Included in the sale of the work of Twachtman and Julian Alden Weir, held February 7, 1889 at the Fifth Avenue Art Galleries, this pastel depicts Twachtman's third child, his daughter Elsie (born November 2, 1886) at about age 2 1/2. Elsie seems to have knowingly posed for her father, gazing sidelong with a somber expression. Referencing the work, a critic for the Studio stated that while both Weir and Twachtman pushed “vagueness to the very bounds of what is allowable,” Twachtman was "never vague: he merely stops, now and again, at a point this side of conventional completeness. Thus, in his pastel of a child, 'Elsie'—all that was essential was there: it rested with the artist whether he should carry it further nor not.

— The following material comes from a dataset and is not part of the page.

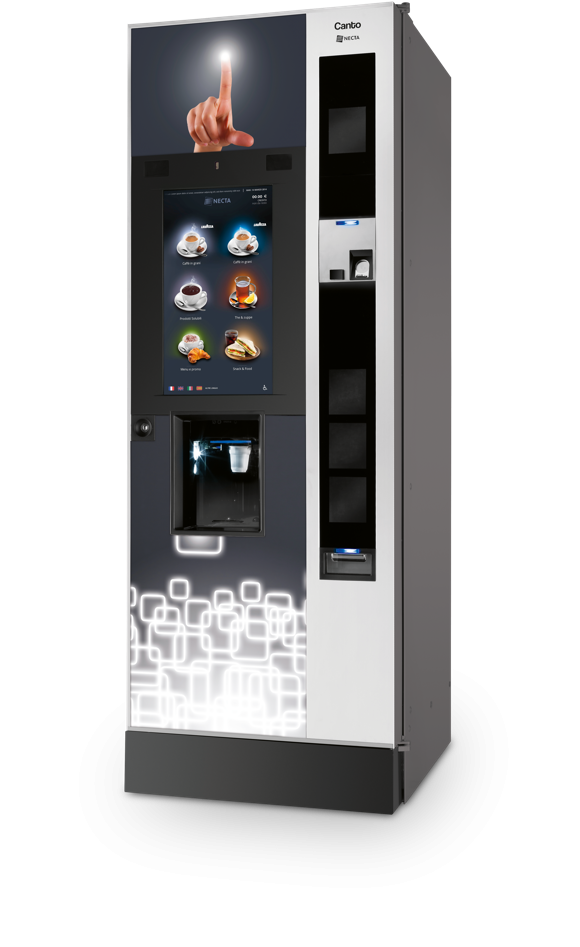 Canto Touch | Necta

And it is doubtful, if we were to live with this picture, whether we should not in time come to think any addition an impertinence."
The pastel was also singled out by a reviewer for the Magazine of Art, who stated: "His one figure subject presents a child in a pinafore handled in a broad, simple way."
The pastel sold from the exhibition for $195, making it not only the most expensive pastel in the show but among the most expensive works overall. (Only four paintings sold for over $200.) However, the pastel seems to have been returned to the artist; it was inherited by his son Godfrey, who sold it at some point before 1975.
Twachtman had a special bond with Elsie and was inconsolable at her death from scarlet fever at age nine in 1895.